Title: Cassandra Through a Feminist View: Christa Wolf’s Reinterpretation of Cassandra
Description:
This thesis offers a feminist interpretation of Cassandra, the Trojan princess who appears in the Trojan War in the Greek myth of the Iliad.
East German novelist Christa Wolf summons this mythological princess in her novel Cassandra.
By understanding the connections between the elements in the novel Cassandra and Wolf’s personal concerns, this research seeks to uncover the story that Christa Wolf is appealing to us through her novel.
Christa Wolf attempts to align author and protagonist through a shift in narrative perspective — in other words, she expresses her own claims by giving voice to Cassandra.
Broadly, the novel can be divided into two parts: the first half deals with the three Greek voyages before the Trojan War, and the second half covers the Trojan War itself.
This thesis focuses on the events presented in Wolf’s Cassandra.
Through literary analysis of what Cassandra witnesses and narrates, it examines, via textual scholarship, how these accounts carry symbolic weight in a feminist narrative structure.

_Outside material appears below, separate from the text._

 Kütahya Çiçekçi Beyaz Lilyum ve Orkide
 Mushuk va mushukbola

Based on Christa Wolf’s vision of contemporary society, the thesis sounds an alarm about male-centered cultures that ignore or distort women’s truthful speech, and explores the potential for a new kind of community.

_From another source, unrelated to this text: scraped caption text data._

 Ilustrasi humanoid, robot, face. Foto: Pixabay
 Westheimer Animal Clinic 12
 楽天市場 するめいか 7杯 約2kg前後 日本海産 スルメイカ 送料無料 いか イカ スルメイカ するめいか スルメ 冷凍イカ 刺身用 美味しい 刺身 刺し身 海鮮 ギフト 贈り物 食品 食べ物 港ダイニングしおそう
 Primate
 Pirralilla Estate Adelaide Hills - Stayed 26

Through Cassandra, Wolf highlights a “we” community (in the spirit of something like Ideology) — a community consisting of both Troy and Greece, and ultimately a dialectical unity of male and female.
From this perspective, Christa Wolf’s crisis-oriented approach, as expressed through Cassandra’s resolution, could also apply to contemporary social crises.
The Trojan War in Cassandra’s time, along with the arms race and nuclear threat in Europe — issues that were of concern to Wolf — have re-emerged in new forms today.
The problem is not only physical warfare.
As civilization advances and conveniences increase, these benefits tend to be skewed toward certain regions and countries.
What was once physical war now takes the form of economic conflict, such as trade disputes, and the resulting harms concentrate on the vulnerable — especially children and women.
Are there policies that can end such war, destruction, and plunder? I believe that the “we” community envisioned through Cassandra can offer an alternative.